Exercise details:
Transcribe all of the data exactly. Omit the pictures.

|---|

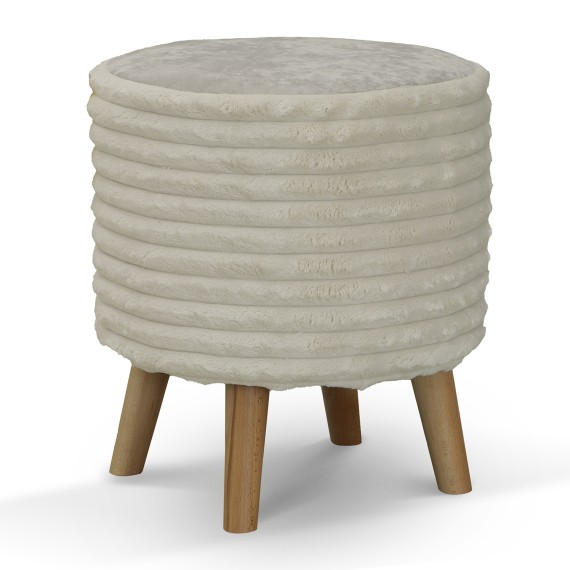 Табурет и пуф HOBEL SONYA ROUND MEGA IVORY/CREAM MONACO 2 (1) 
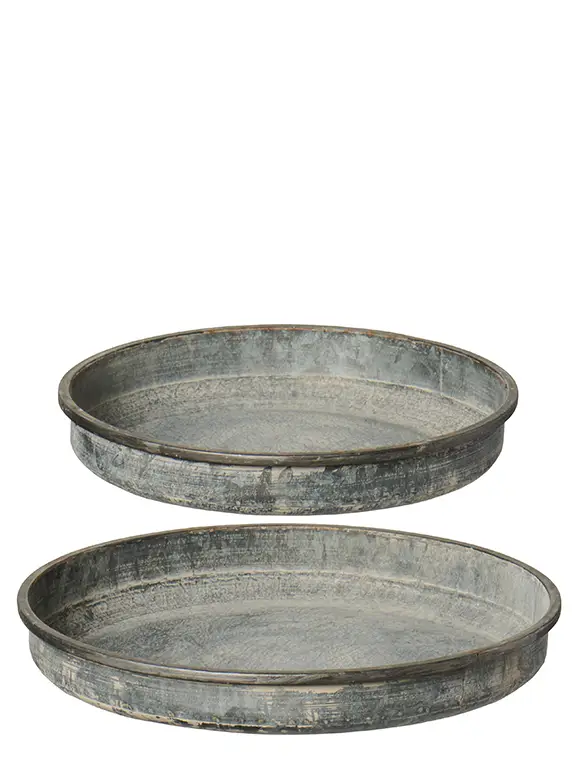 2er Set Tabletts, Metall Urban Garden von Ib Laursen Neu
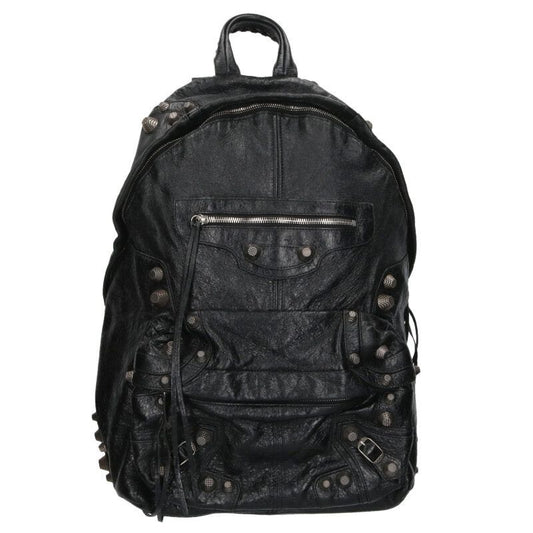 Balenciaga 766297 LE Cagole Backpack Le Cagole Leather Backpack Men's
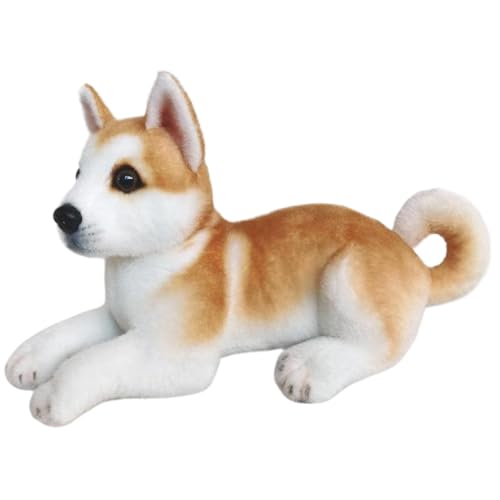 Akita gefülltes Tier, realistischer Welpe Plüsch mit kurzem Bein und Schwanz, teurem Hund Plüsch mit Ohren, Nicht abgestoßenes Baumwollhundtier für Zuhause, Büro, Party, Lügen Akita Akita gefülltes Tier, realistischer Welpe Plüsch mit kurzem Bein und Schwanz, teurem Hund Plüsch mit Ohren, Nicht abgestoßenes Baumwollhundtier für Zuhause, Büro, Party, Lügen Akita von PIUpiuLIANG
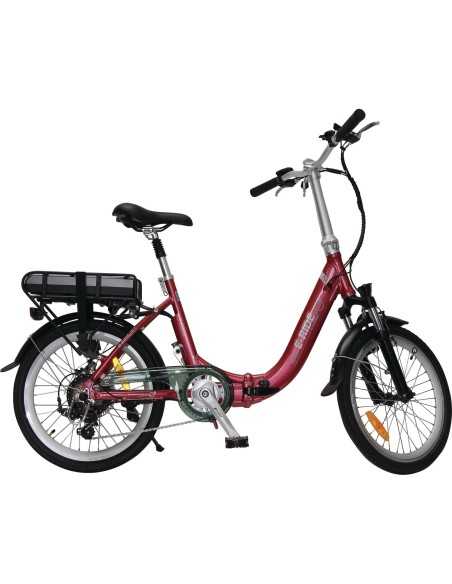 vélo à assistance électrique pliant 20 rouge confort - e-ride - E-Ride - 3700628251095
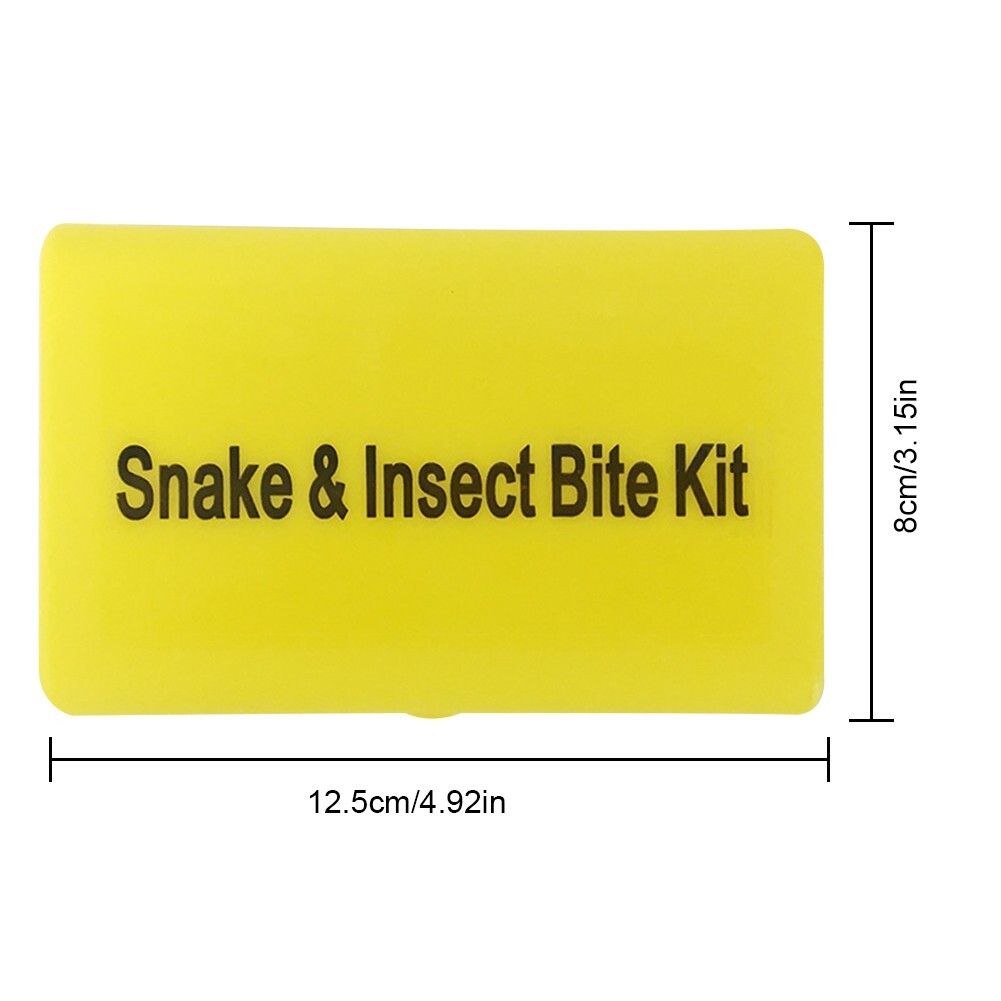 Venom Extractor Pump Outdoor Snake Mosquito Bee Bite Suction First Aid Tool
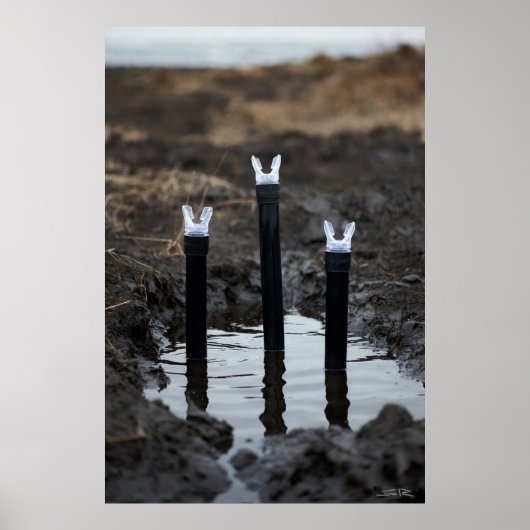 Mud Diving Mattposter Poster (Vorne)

|---|

Solution:
 Табурет и пуф HOBEL SONYA ROUND MEGA IVORY/CREAM MONACO 2 (1) 
 2er Set Tabletts, Metall Urban Garden von Ib Laursen Neu
 Balenciaga 766297 LE Cagole Backpack Le Cagole Leather Backpack Men's
 Akita gefülltes Tier, realistischer Welpe Plüsch mit kurzem Bein und Schwanz, teurem Hund Plüsch mit Ohren, Nicht abgestoßenes Baumwollhundtier für Zuhause, Büro, Party, Lügen Akita Akita gefülltes Tier, realistischer Welpe Plüsch mit kurzem Bein und Schwanz, teurem Hund Plüsch mit Ohren, Nicht abgestoßenes Baumwollhundtier für Zuhause, Büro, Party, Lügen Akita von PIUpiuLIANG
 vélo à assistance électrique pliant 20 rouge confort - e-ride - E-Ride - 3700628251095
 Venom Extractor Pump Outdoor Snake Mosquito Bee Bite Suction First Aid Tool
 Mud Diving Mattposter Poster (Vorne)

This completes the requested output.